Un rapport parlementaire insiste pour doter la Marine nationale de deux porte-avions de nouvelle génération

Il y a une cinquantaines d’années, la Marine nationale alignait trois porte-avions, le Foch et le Clemenceau côtoyant alors l’Arromanches, lequel servait surtout à la qualification des pilotes à l’appontage. Et, à l’époque, un tel format permettait d’envoyer un groupe aéronaval à l’autre bout du monde [dans l’océan Pacifique, en l’occurence] pendant plusieurs mois.

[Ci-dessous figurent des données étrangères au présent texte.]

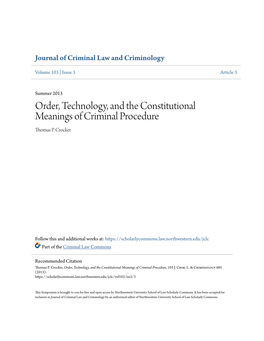 Order, Technology, and the Constitutional Meanings of Criminal Procedure Thomas P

Ainsi, après le Foch [en 1966], le Clemenceau appareilla de Toulon en mars 1968 pour former, avec son escorte, le « groupe Alfa » dont la mission consistait à surveiller les essais nucléaires français en Polynésie. Il revint à son port base en décembre de la même année, après avoir franchi le Cap Horn et visité l’Argentine, le Brésil, le Gabon [où ses avions embarqués firent des démonstrations aériennes au profit des autorités gabonaises] et le Sénégal. Le commandant Ramon Josa, figure de l’aéronavale, a d’ailleurs raconté les détails de ce périple dans son autobiographie [« Marin & pilote – Servir en mer et dans les airs« , ndlr].

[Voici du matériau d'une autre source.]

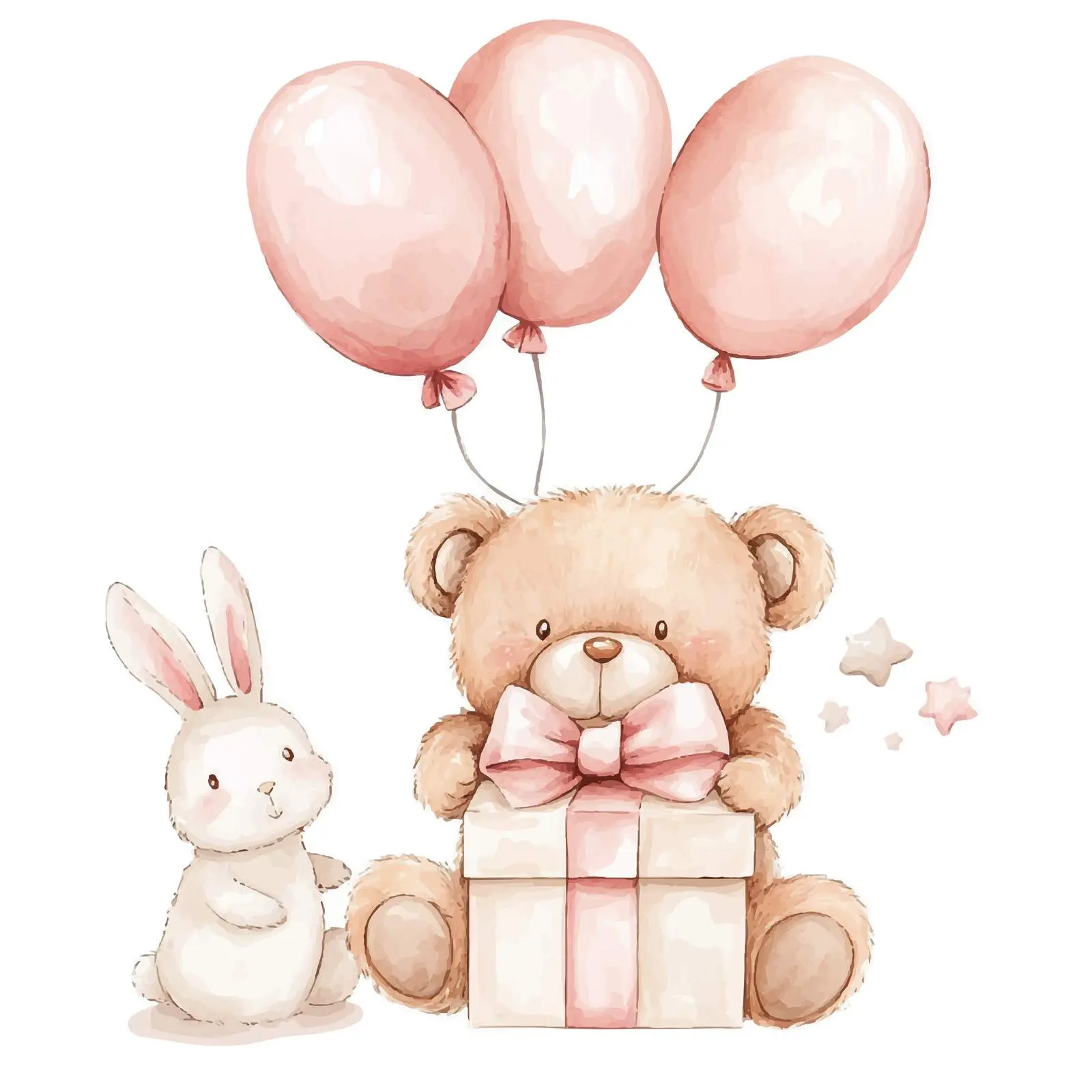 Cute Teddy Bear with Pink Bow and Balloons — free download from Dotvec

L’Arromanches ayant été désarmé en 1974 et alors que la Force aéronavale nucléaire [FANu] venait d’être créée, il fut alors question de remplacer le Foch et le Clemenceau par deux porte-avions à propulsion nucléaire. La telle décision fut même prise lors du Conseil de défense du 23 septembre 1980. La suite est connue : les restrictions budgétaires et la fin de la Guerre Froide eurent raison de ce projet… Et, seul le « Charles de Gaulle » a été construit.

Depuis, le projet de revenir à un format de deux porte-avions revient régulièrement dans le débat. Avancé au moment de l’élaboration de la Loi de programmation militaire 2003-08, il fut renvoyée à plus tard. Puis, alors qu’une coopération avec le Royaume-Uni était évoquée, il fut confirmé par le président Sarkozy en 2007 [et par Hervé Morin, alors ministre de la Défense, pour qui la décision était même « actée »].

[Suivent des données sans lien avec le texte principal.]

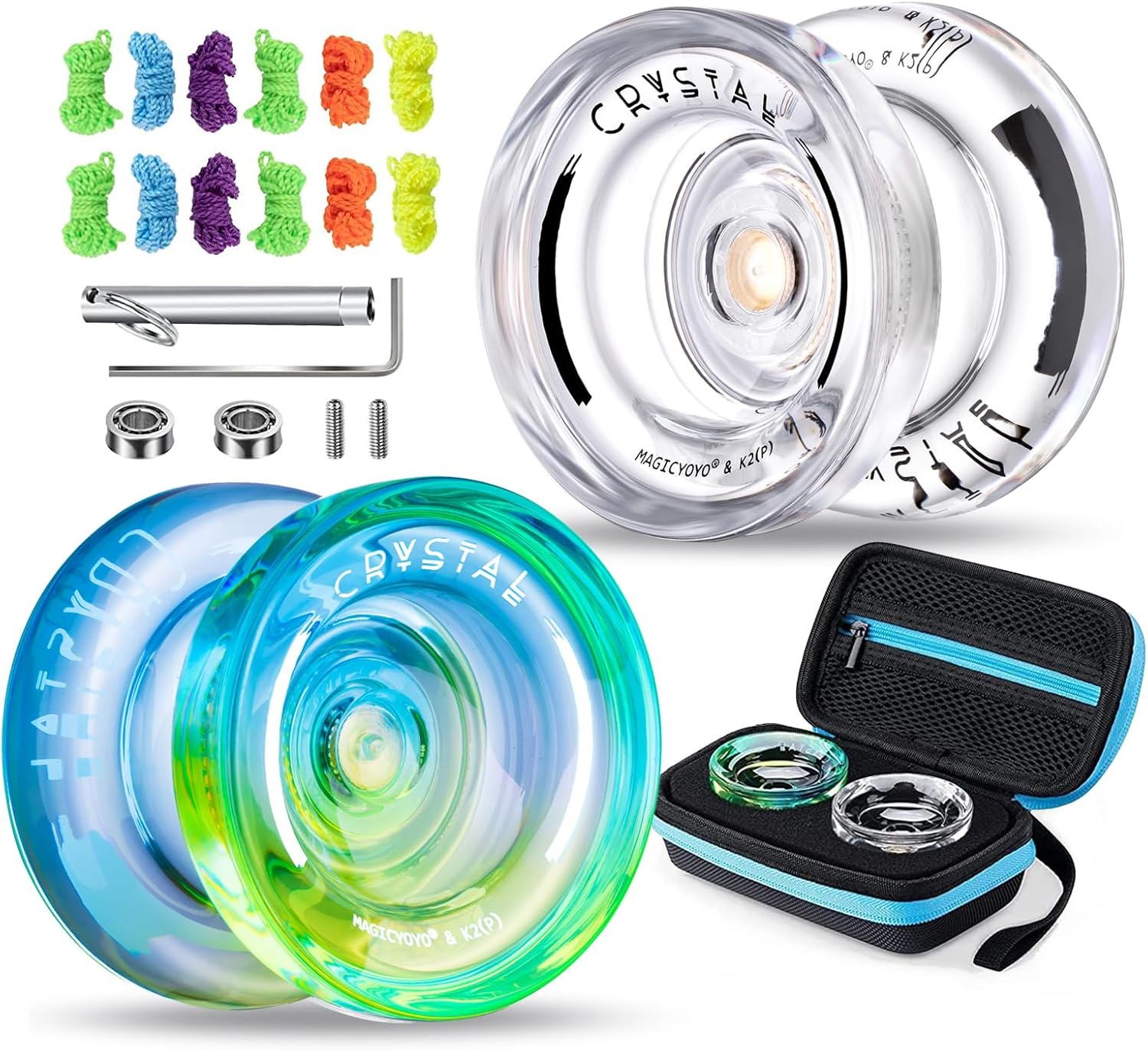 MAGICYOYO Responsive Yoyo for Kids K2 Crystal, Dual Purpose Plastic Yo-Yo for Beginners, Replacement Unresponsive Bearing for Intermediate Advanced with12 Yo-Yo Strings, 2 KK Bearings, 1 Yo-Yo Case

Finalement, les crises financières qui éclatèrent à partir de 2008 en eurent raison. Et, d’ailleurs, même si elle profita d’un plan de relance de l’économie pour se doter d’un troisième porte-hélicoptères amphibie [le Dixmude], la Marine nationale dut se plier à un nouvelle réduction de son format, le nombre de ses navires dits de premier rang devant alors passer de 18 à 15.

Cela étant, les chefs d’état-major de la Marine [CEMM] qui se sont depuis succédé ont quasiment tous plaidé en faveur d’un second porte-avions [et aussi pour plus de frégates]. Sans succès jusqu’à présent, même si il leur a été régulièrement répondu que la question « restait ouverte ».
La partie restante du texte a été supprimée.